Supplied information ->

┏━━

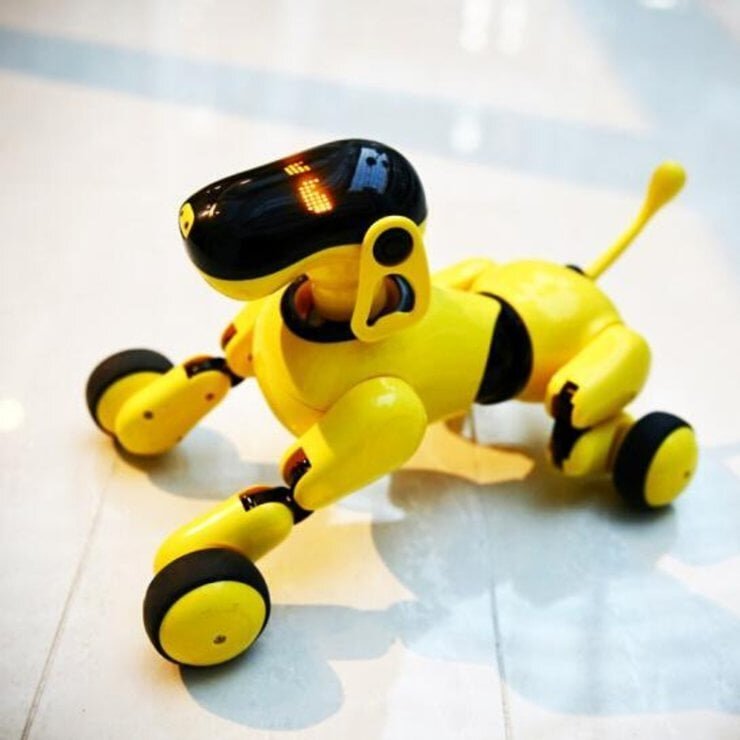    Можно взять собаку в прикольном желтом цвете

┗━━
┏━━

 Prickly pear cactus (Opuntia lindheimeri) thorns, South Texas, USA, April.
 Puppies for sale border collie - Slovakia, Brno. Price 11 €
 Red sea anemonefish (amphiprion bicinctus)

┗━━

Your assignment -> Could you restate word for word the lines above from the one containing "Puppies for sale" through the one containing "Red sea anemonefish (amphiprion bicinctus)", both included, and nothing else?

Answer for this exercise ->
 Puppies for sale border collie - Slovakia, Brno. Price 11 €
 Red sea anemonefish (amphiprion bicinctus)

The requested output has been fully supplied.